### [SUPPLIED RECORDS]
☆ ☆ ☆ ☆ ☆ ☆ ☆

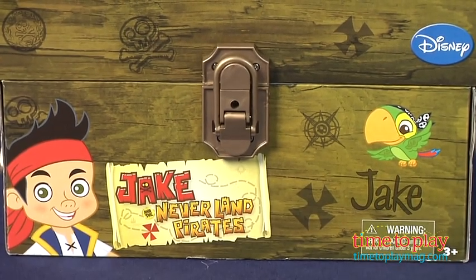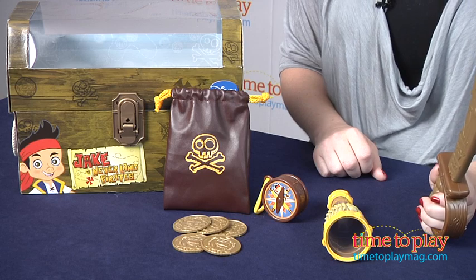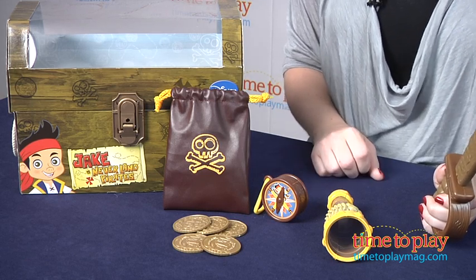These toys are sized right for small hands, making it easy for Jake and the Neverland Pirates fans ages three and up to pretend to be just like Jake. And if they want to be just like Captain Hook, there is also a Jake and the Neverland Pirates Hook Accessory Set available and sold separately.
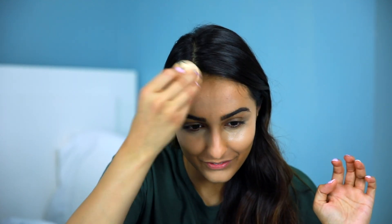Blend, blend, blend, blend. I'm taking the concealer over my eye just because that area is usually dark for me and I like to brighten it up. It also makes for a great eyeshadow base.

☆ ☆ ☆ ☆ ☆ ☆ ☆

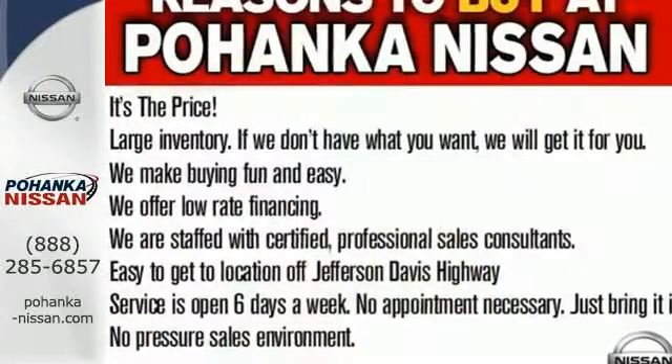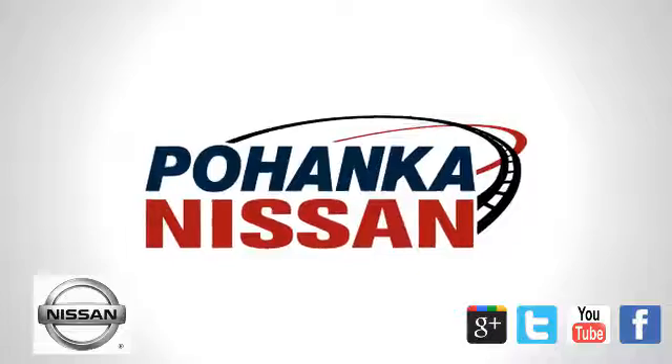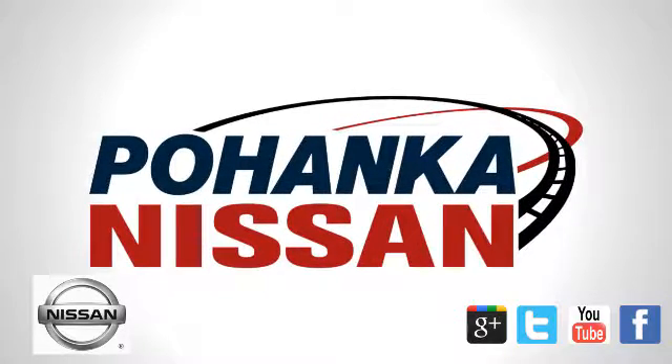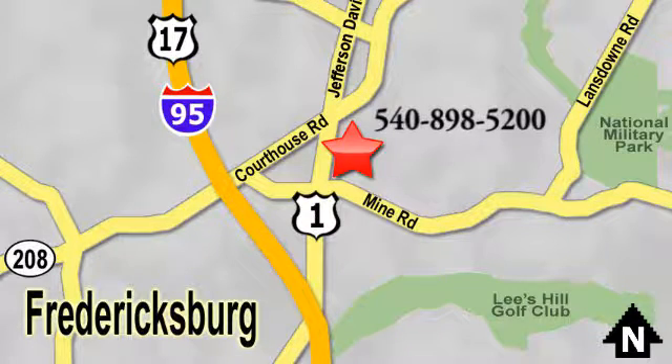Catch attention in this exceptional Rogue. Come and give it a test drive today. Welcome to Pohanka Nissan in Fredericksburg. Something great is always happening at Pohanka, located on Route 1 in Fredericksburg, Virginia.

☆ ☆ ☆ ☆ ☆ ☆ ☆

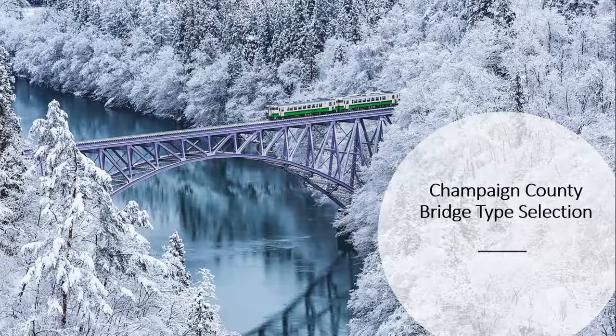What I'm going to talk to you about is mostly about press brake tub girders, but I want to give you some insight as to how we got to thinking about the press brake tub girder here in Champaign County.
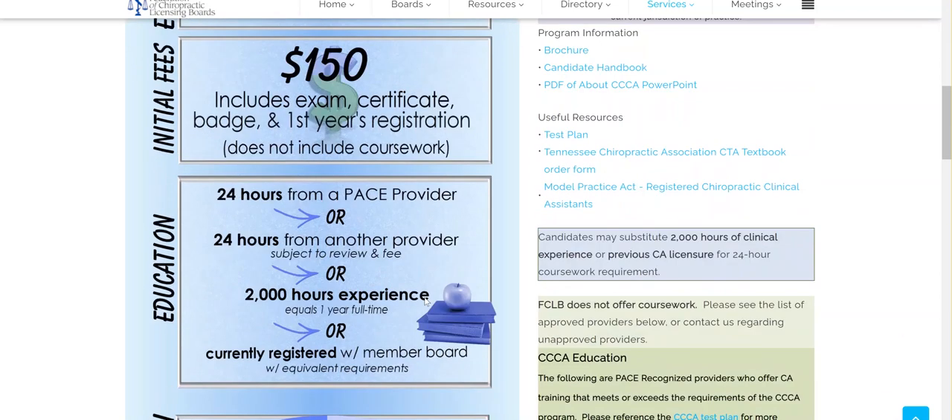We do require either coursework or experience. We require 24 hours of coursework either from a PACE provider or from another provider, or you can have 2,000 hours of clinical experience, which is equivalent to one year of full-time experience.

☆ ☆ ☆ ☆ ☆ ☆ ☆

Every line above in the stretch from the one with "These toys are" through the one with "Blend, blend, blend, blend." is to be transcribed exactly, ends included. No picture is copied.

These toys are sized right for small hands, making it easy for Jake and the Neverland Pirates fans ages three and up to pretend to be just like Jake. And if they want to be just like Captain Hook, there is also a Jake and the Neverland Pirates Hook Accessory Set available and sold separately.
Blend, blend, blend, blend. I'm taking the concealer over my eye just because that area is usually dark for me and I like to brighten it up. It also makes for a great eyeshadow base.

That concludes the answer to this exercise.